* [Task item]: Would you restate the listing word for word, with the images omitted?

* [Source material]:
»»

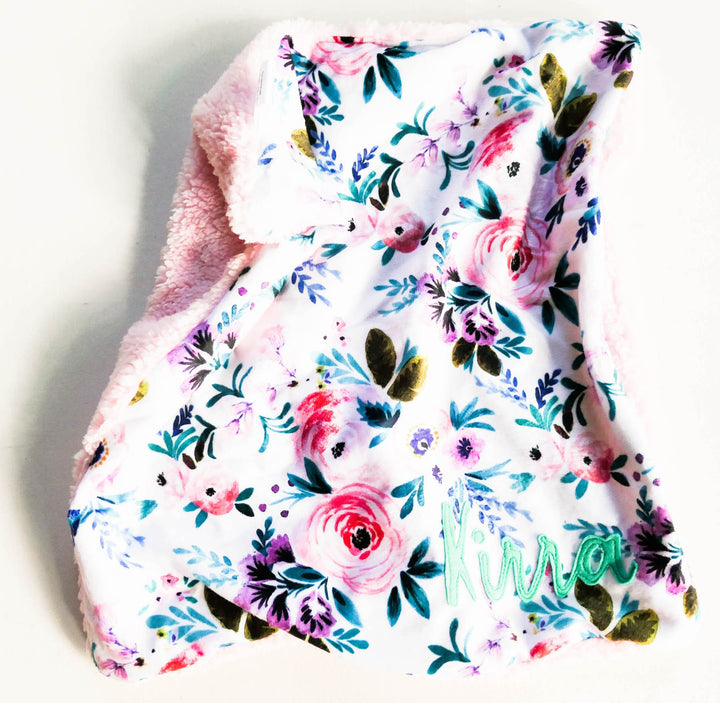 Minky Lovey or Blanket - Bright Floral - Baby Girl Gift - Handmade in Australia - Pink Flowers - Soft Feel - Baby Blanket - Floral Lovey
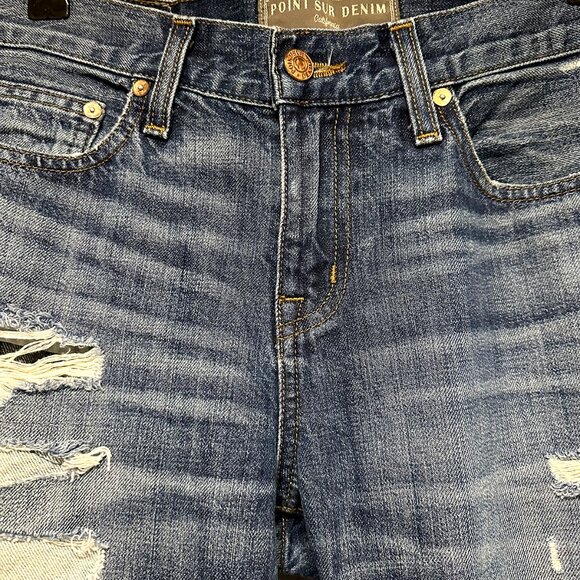 POINT SUR‎ Mid Rise Distressed Bootcut Jeans - EUC - size 26 - blue - ripped - Picture 4 of 13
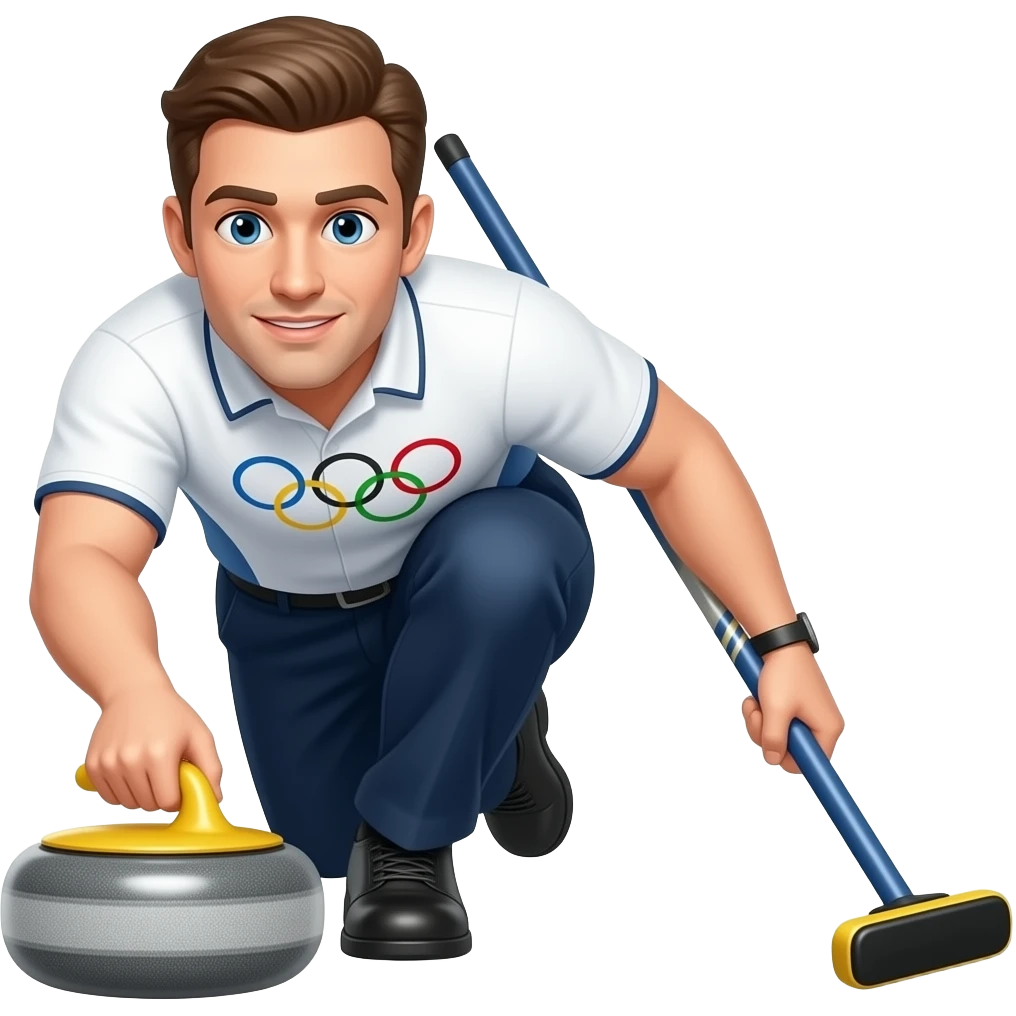 male olympic curling player full-length black stone emoji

««

* [Response for this exercise]:
 Minky Lovey or Blanket - Bright Floral - Baby Girl Gift - Handmade in Australia - Pink Flowers - Soft Feel - Baby Blanket - Floral Lovey
 POINT SUR‎ Mid Rise Distressed Bootcut Jeans - EUC - size 26 - blue - ripped - Picture 4 of 13
 male olympic curling player full-length black stone emoji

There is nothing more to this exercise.